Records excerpted from a collection:
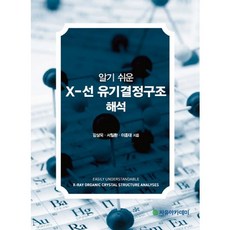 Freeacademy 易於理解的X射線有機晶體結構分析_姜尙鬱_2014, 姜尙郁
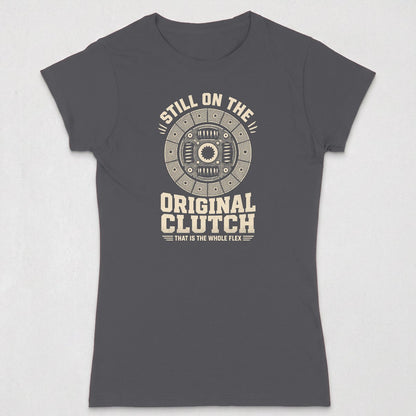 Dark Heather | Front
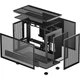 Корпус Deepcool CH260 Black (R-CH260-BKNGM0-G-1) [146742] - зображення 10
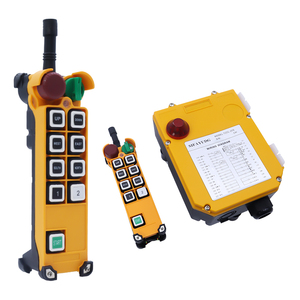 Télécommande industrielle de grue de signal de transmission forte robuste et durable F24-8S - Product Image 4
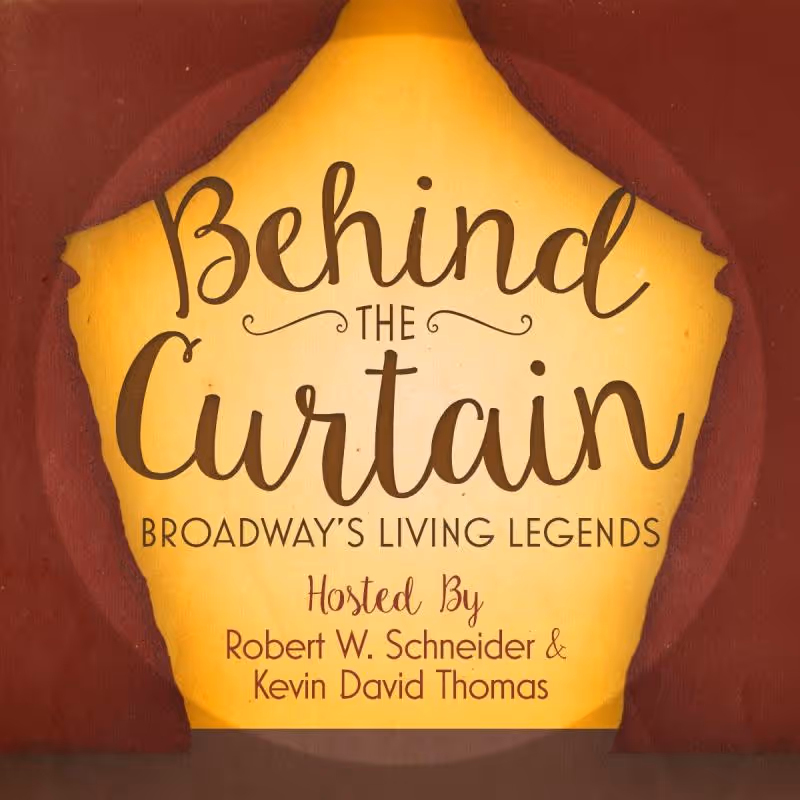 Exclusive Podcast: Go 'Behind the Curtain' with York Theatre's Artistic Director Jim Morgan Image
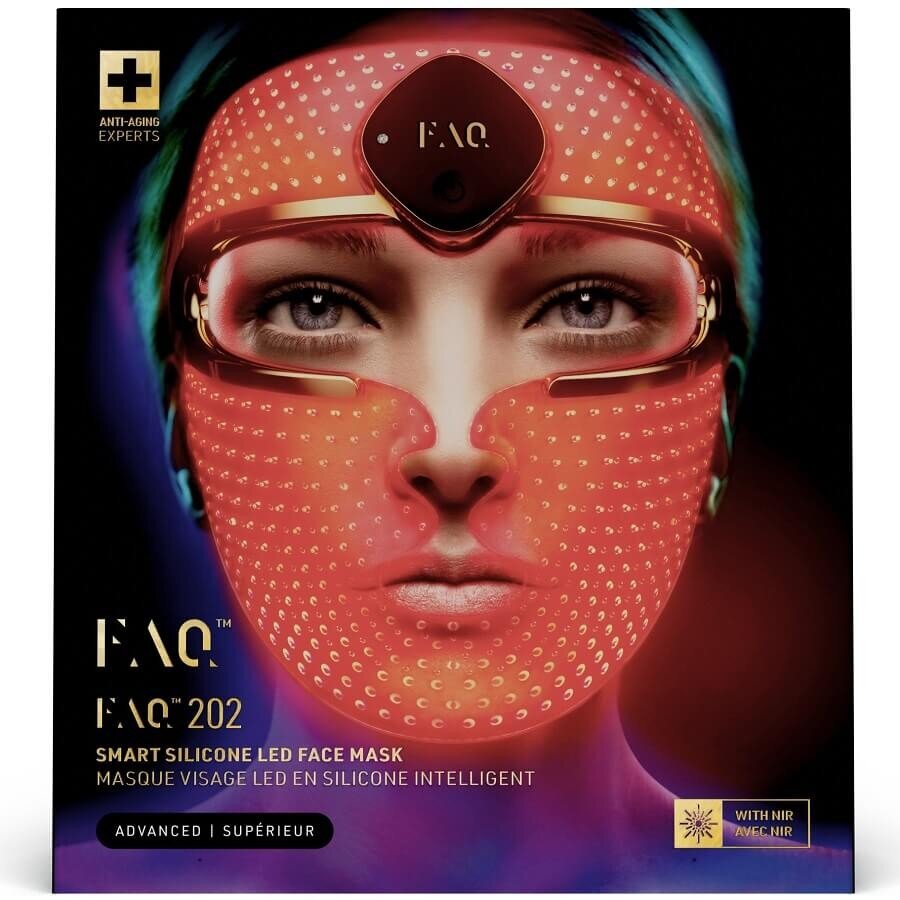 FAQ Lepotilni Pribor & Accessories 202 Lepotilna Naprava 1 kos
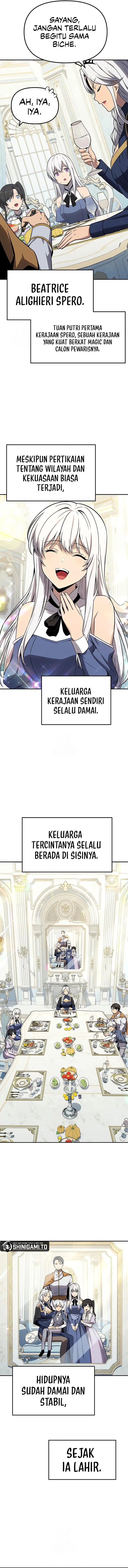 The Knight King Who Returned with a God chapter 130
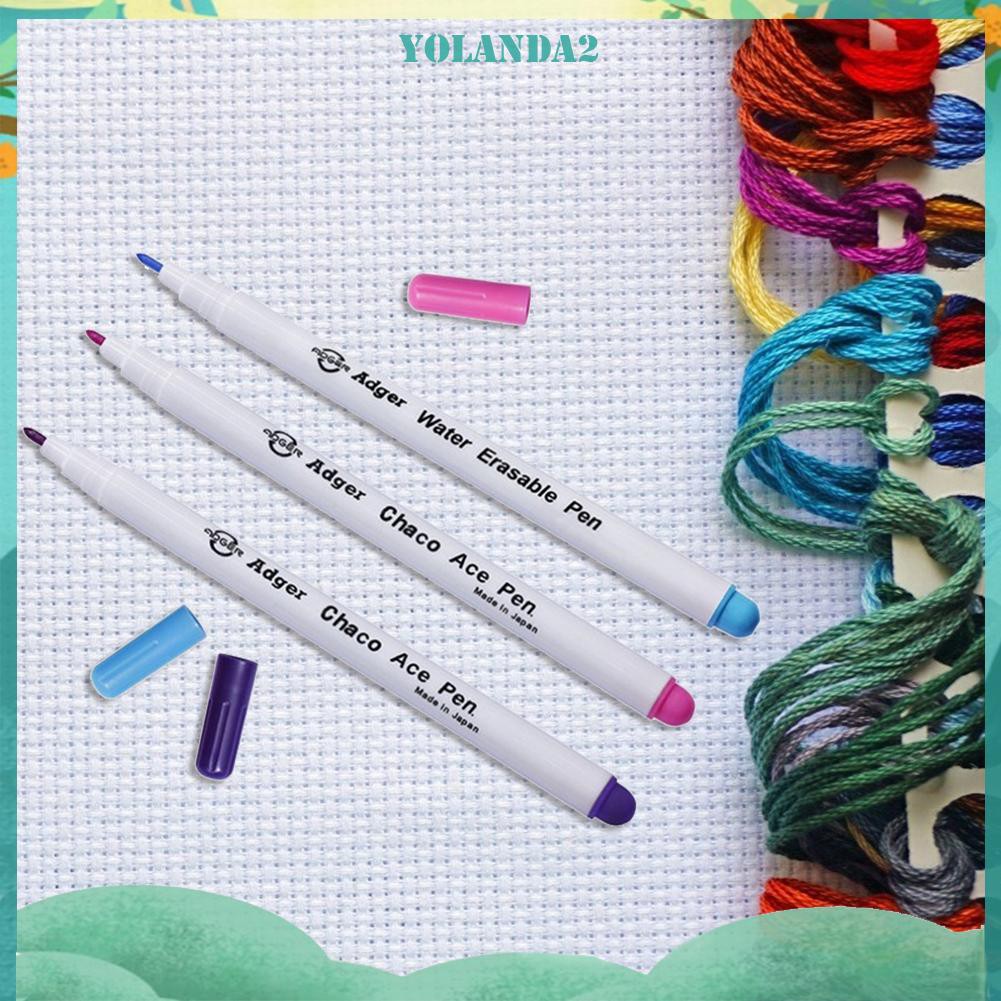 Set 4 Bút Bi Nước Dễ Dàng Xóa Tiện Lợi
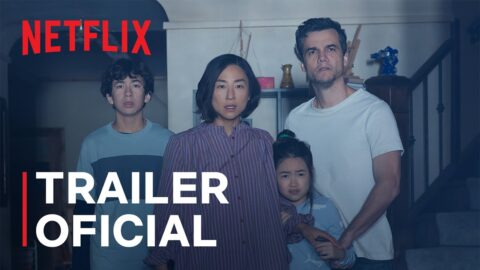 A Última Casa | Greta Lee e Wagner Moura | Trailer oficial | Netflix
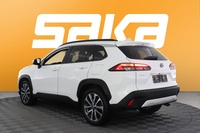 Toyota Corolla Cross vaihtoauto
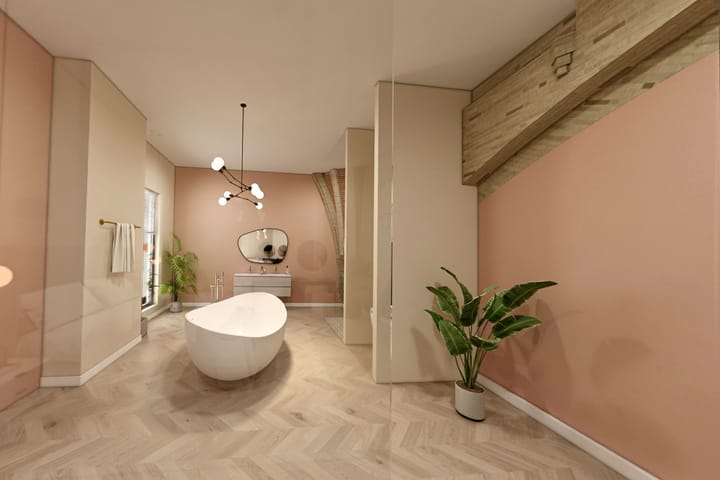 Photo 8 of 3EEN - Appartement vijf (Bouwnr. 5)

- **Try it**: From the first line to the last, print the records exactly; leave out the pictures.

- **Reply to the exercise**:
 Freeacademy 易於理解的X射線有機晶體結構分析_姜尙鬱_2014, 姜尙郁
 Dark Heather | Front
 Корпус Deepcool CH260 Black (R-CH260-BKNGM0-G-1) [146742] - зображення 10
 Télécommande industrielle de grue de signal de transmission forte robuste et durable F24-8S - Product Image 4
 Exclusive Podcast: Go 'Behind the Curtain' with York Theatre's Artistic Director Jim Morgan Image
 FAQ Lepotilni Pribor & Accessories 202 Lepotilna Naprava 1 kos
 The Knight King Who Returned with a God chapter 130
 Set 4 Bút Bi Nước Dễ Dàng Xóa Tiện Lợi
 A Última Casa | Greta Lee e Wagner Moura | Trailer oficial | Netflix
 Toyota Corolla Cross vaihtoauto
 Photo 8 of 3EEN - Appartement vijf (Bouwnr. 5)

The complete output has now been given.